WASHINGTON — The Army Corps of Engineers will impose new demands for mitigating environmental damage from a vast proposed copper and gold mine in Alaska, potentially delaying approvals for the project beyond the presidential election, three people familiar with the Corps’s plans said on Saturday.

The Corps is expected to send a letter on Monday to the developers of the Pebble Mine project, these people said, adding that it will not issue a permit until the company presents plans to protect an area in the surrounding watershed, a critical breeding ground for salmon, equal in size to the acreage that the mine would damage.

That requirement could significantly slow a project that had been sailing toward approval until it incurred the opposition of President Trump’s son, Donald Trump Jr., as well as Vice President Mike Pence’s former chief of staff, Nick Ayers. If Joseph R. Biden Jr., the Democratic nominee, prevails in November, the project is likely to die.

“The mine will be close to killed by this,” said Whit Fosburgh, the president of the Theodore Roosevelt Conservation Partnership.

Mark Meadows, the White House chief of staff, has personally reassured Pebble Mine officials that the move will not scuttle the project, according to another person familiar with the matter.

The proposed Pebble Mine, in a remote region about 200 miles from Anchorage, would be one of the largest open-pit mines in the world and could potentially produce hundreds of billions of dollars’ worth of metals.
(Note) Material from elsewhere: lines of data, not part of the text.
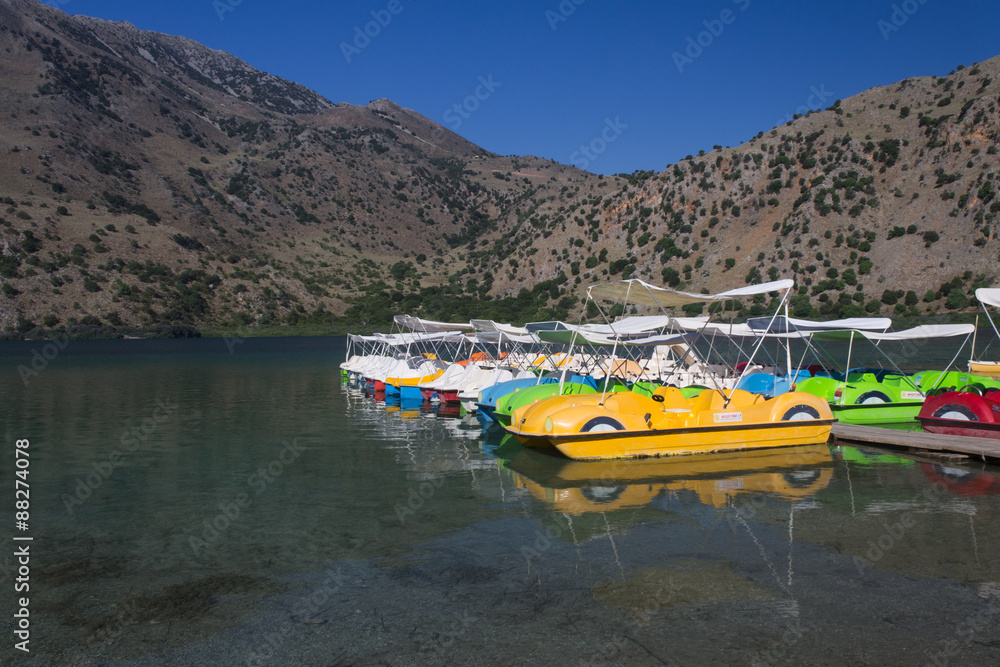 Fototapeta premium катамараны на озере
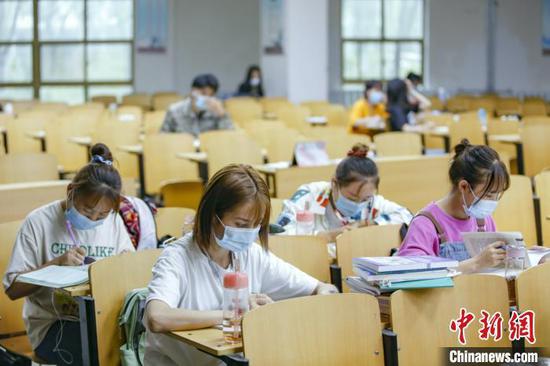 資料圖：學(xué)生在圖書館自習(xí)室內(nèi)學(xué)習(xí)?！⑾A 攝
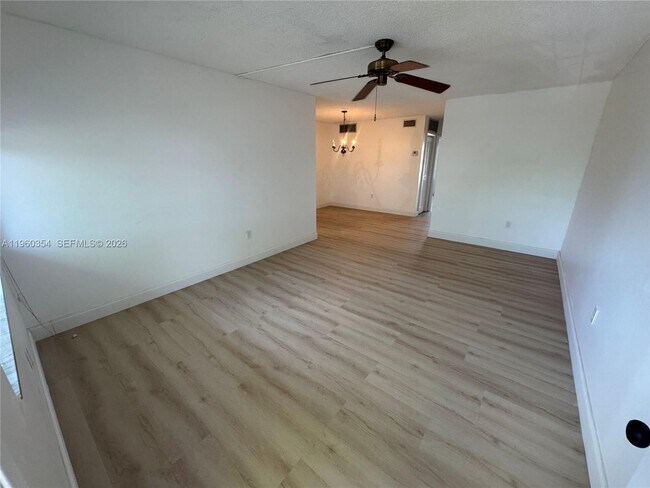 Building Photo - 20320 NE 2nd Ave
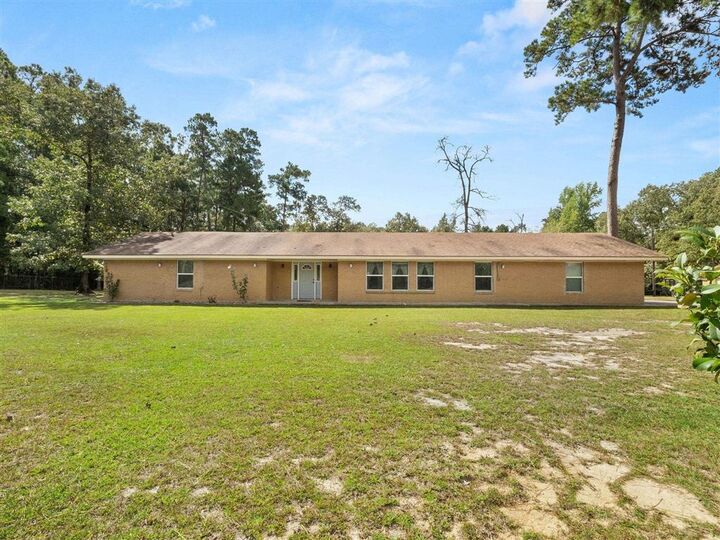 Property Photo:  332 Alexandria Highway  LA 71446 
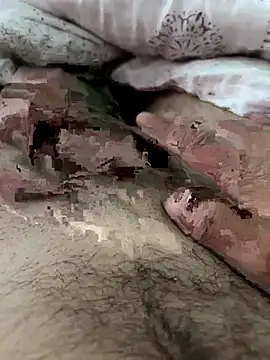 Snapshot of milfshakeow chatting on 09-17-25, 02:08 milfshakeow online show from 09-17-25, 02:08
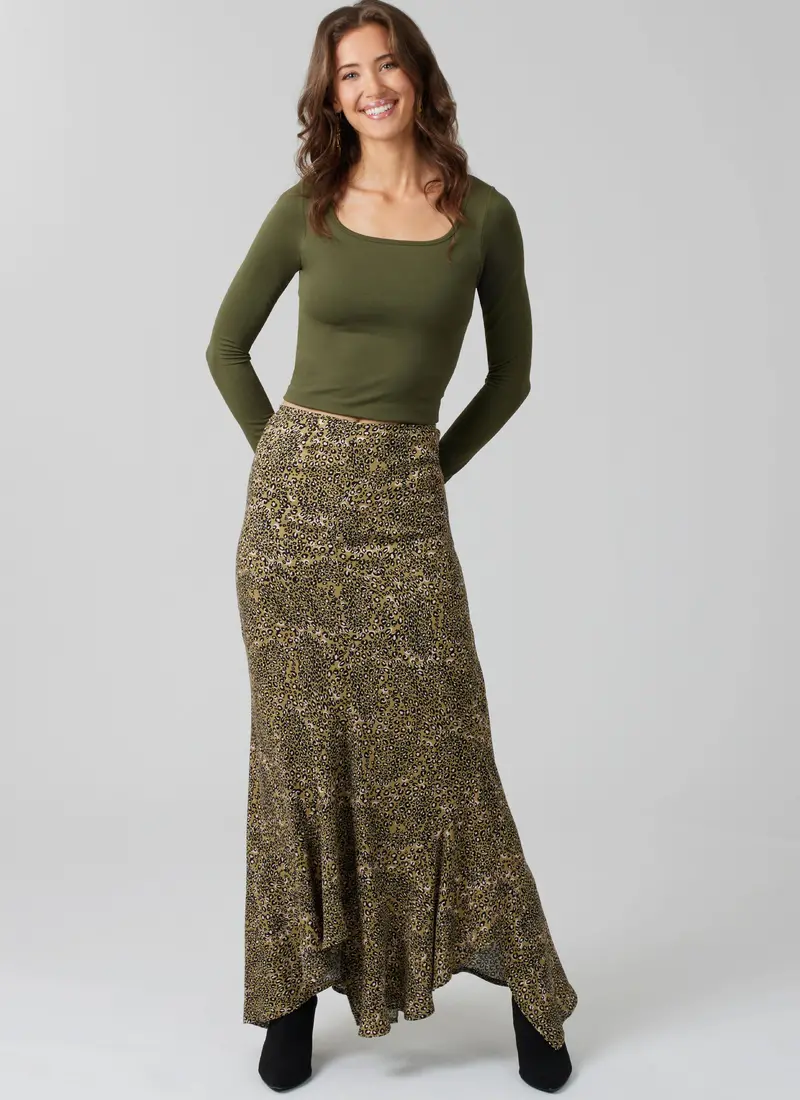 Mccall's Sewing Pattern 8608 Asymmetric Skirt 1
But it would be dug near pristine spawning streams that support subsistence fishing by some Alaska Natives, a large sport-fishing industry and one of the biggest commercial wild salmon fisheries in the world, in nearby Bristol Bay.

Blocked by the Obama administration but revived under President Trump, the project was the subject of an environmental review by the Corps of Engineers, which issued a final report last month and promised a final permitting decision that, by law, must come at least 30 days later. The report found that the project would not lead to “long-term changes in the health of the commercial fisheries in Bristol Bay.”
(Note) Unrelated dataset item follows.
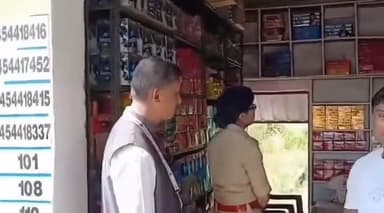 त्योहारों से पहले डीएम-SP का एक्शन मोडः पटाखा दुकानों का निरीक्षण, सुरक्षा व्यवस्था पर दिए सख्त निर्देश #kanpurdehat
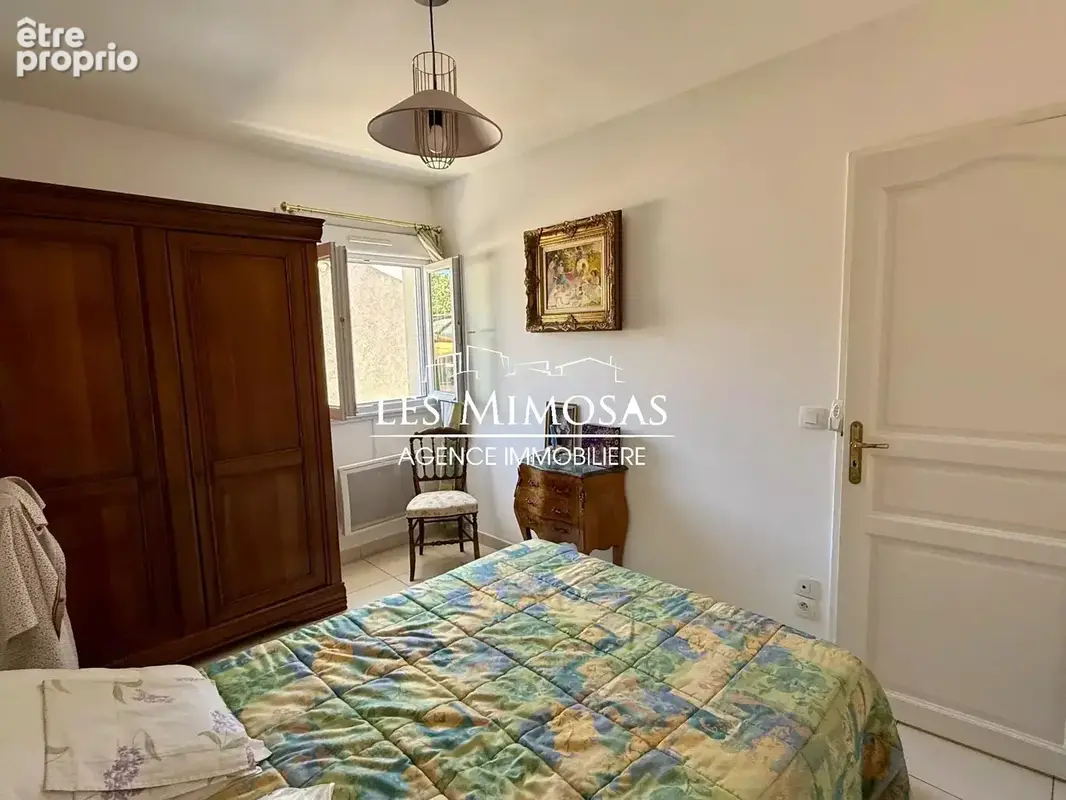Fréjus – villa avec studio indépendant - garage - photo 28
But since the final review was published, the president’s eldest son and some high-profile Republican donors have joined environmentalists and some Alaska Natives in opposition.
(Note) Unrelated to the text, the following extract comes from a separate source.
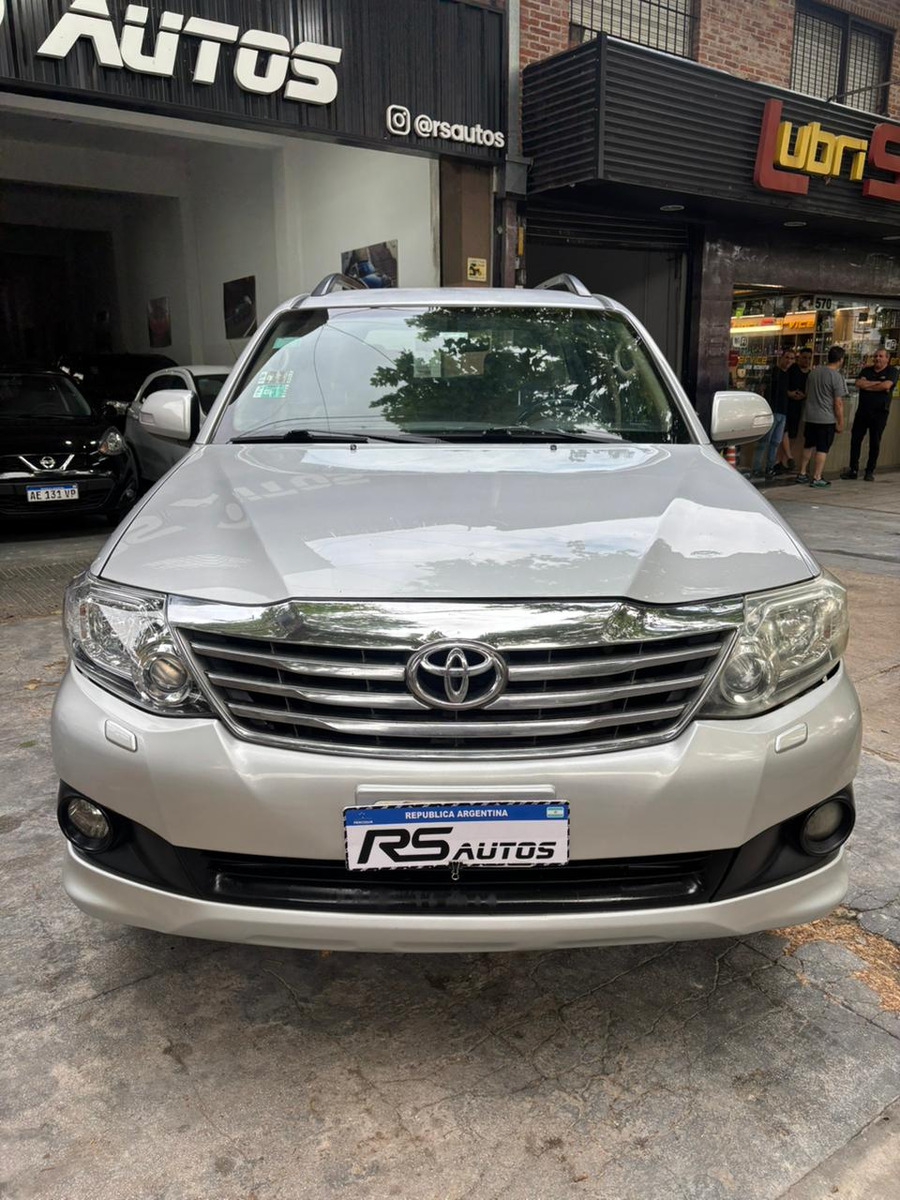 Toyota Hilux Sw4 2.7 Srv Cuero Vvti 4x2 4at 7 Asientos - Imagen 2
Tom Collier, the project’s chief executive, said he had known for weeks that the Corps would send a letter seeking the new plans.

“We’re working out the details of a mitigation plan,” Mr. Collier said, adding that he was “95 percent confident” that the permit process would not be delayed past the election.

The move to require mitigation near the mine site is a change from what the Corps had previously sought, Mr. Collier said. The company had previously proposed to provide wastewater treatment plants and other infrastructure for some of the Native villages in the area, miles from the mine.

Mr. Collier said he believed the White House would not intervene.

“This is a president who during his campaign and his first term has repeatedly made the commitment that he would not allow Obama-type political interference in permitting,” he said. “I just don’t see this president doing it.”

Thomas J. Pyle, the president of the Institute for Energy Research, an organization that supports the use of fossil fuels, said: “It appears there is an organized last-minute push to persuade Trump to put the brakes on the mine. He should resist.”

He added, “It is a small subset of wealthy hunter types.”

One of those “hunter types” is the president’s son, however.

Chris Wood, the president and chief executive of Trout Unlimited, a conservation group that opposes the mine, said: “There’s a reason there’s a pause, so that the president or his designee has a chance to weigh in. There’s nothing extracurricular that’s going on here.”

Meantime, Mr. Wood said, “a crescendo of voices” was rising to oppose the project.

This month, the younger Mr. Trump, who has fished in the Bristol Bay region, seconded a Twitter post from Mr. Ayers asking the president to stop the project, adding, “The headwaters of Bristol Bay and the surrounding fishery are too unique and fragile to take any chances with.”

Since then, others who are believed to have influence with the president have weighed in against the project, including the Fox News commentator Tucker Carlson and Johnny Morris, the chief executive of Bass Pro Shops.